Après une longue période de fermeté excessive, le franc suisse avait montré des signes d'affaiblissement, une évolution alors jugée vertueuse. Bien que cette tendance, soutenue par les différentiels de taux d'intérêt, ait semblé prometteuse, elle ne semble pas pérenne. Les élections au Royaume-Uni, avec la possible montée en puissance du Parti travailliste («Labour»), et la décomposition du paysage politique en France provoquent des afflux préventifs de capitaux vers la Suisse. Ce mouvement est amplifié par les positions spéculatives des opérateurs sur le marché des devises. De nombreux traders avaient misé sur un grand «trade» macro, «short» sur le franc suisse et «long» sur le yen japonais, anticipant un durcissement de la politique monétaire nippone et un rebond du yen. Cependant, la volatilité accrue de ces devises a entrainé des rachats de couverture de francs suisses, résultant en une appréciation de la devise helvétique de plus de 6% par rapport au yen en moins de deux mois.

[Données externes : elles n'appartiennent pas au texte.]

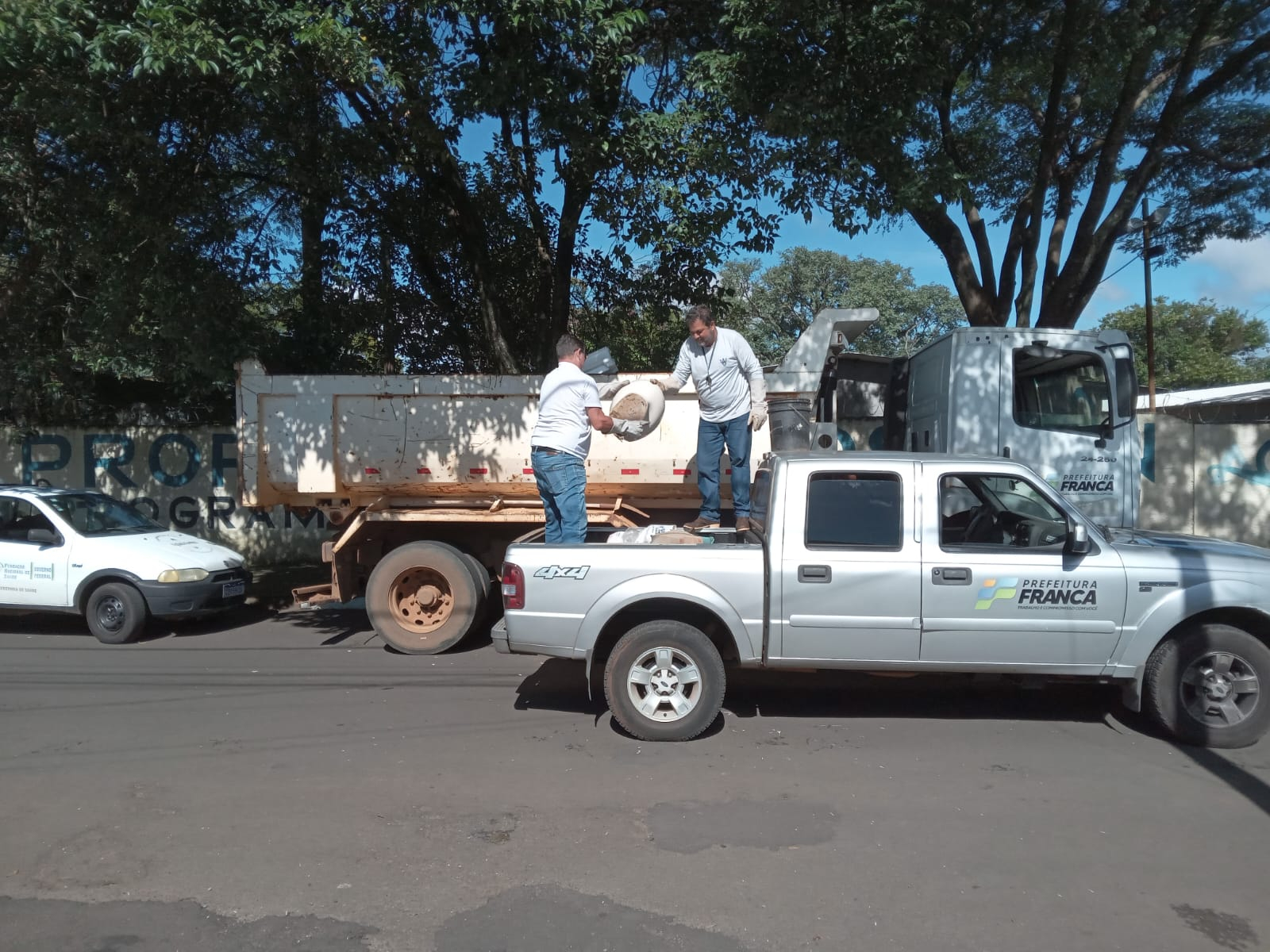 Meio Ambiente recupera galerias na Av. Champagnat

Comme tous les marchés obligataires développés, le marché suisse a connu un mois de mai agité, bien qu'il ait fait preuve d'une plus grande résilience que ses homologues américain ou européen. Les taux longs helvétiques ont enregistré une hausse de 20 points de base au cours du mois. A 0,95%, le taux à 10 ans avait même atteint un niveau relativement attrayant pour les grands portefeuilles institutionnels à la recherche de duration. Cependant, cette poussée de fièvre a été de courte durée. En raison d’importants achats de précaution, il est déjà retombé à environ 0,65%, reflétant une certaine stabilisation après les fluctuations récentes sur le marché.

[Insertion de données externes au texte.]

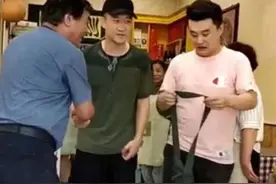 曹云金离婚后带前妻唐菀吃散伙饭，与路人打招呼笑容满面心情好图片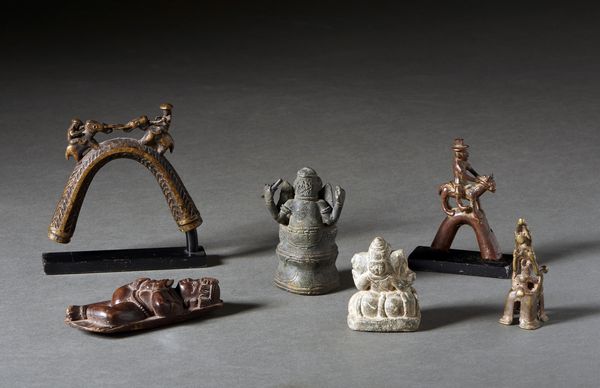 Arte Indiana : Gruppo di sei sculture in bronzo, pietra e legno India, XIX-XX secolo  - Asta Asta 437 | ARTE ORIENTALE - ARTE ORIENTALE DA COLLEZIONI PRIVATE ITALIANE Online - Associazione Nazionale - Case d'Asta italiane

Un marché refuge face à l’incertitude

Contrairement aux années précédentes qui ont été marquées par une hausse des taux, les fonds immobiliers retrouvent une stabilité bienvenue. Ils bénéficient de l'augmentation des loyers et des baisses des taux de la BNS. De plus, la faible activité dans le secteur de la construction crée une pénurie d'offre, stabilisant les prix et les loyers. La demande croissante sur le marché locatif a conduit à une hausse des loyers de 4,7% en 2023, tandis que le taux de vacance a chuté à 1,15% la même année. Cette tendance devrait se maintenir en 2024. En mai, l'allocation des fonds de pension à l'immobilier est retombée à 23%, marquant une diminution de 5 points de pourcentage depuis son pic au troisième trimestre 2022. Cette réallocation s'est orientée en faveur des obligations, bénéficiant du retour à des taux nominaux positifs et d'une réduction du risque de liquidité.

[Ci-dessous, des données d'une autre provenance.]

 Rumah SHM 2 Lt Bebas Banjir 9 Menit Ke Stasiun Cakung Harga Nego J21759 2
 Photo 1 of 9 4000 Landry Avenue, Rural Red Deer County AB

Depuis avril, les indices boursiers suisses affichent une performance supérieure à celle des indices européens, en partie grâce au recul du franc suisse. Un autre facteur contribuant à cette tendance est l'augmentation de la prime de risque et des spreads de crédit observée sur certains marchés européens, notamment en France, voire en Italie et en Espagne. Cette évolution accroît les incertitudes concernant les perspectives économiques en Europe. Dans ce contexte de visibilité réduite, et avec les élections américaines à l'horizon, qui s'annoncent particulièrement importantes, il est probable que le marché financier suisse regagne de l'attrait par rapport aux autres marchés européens.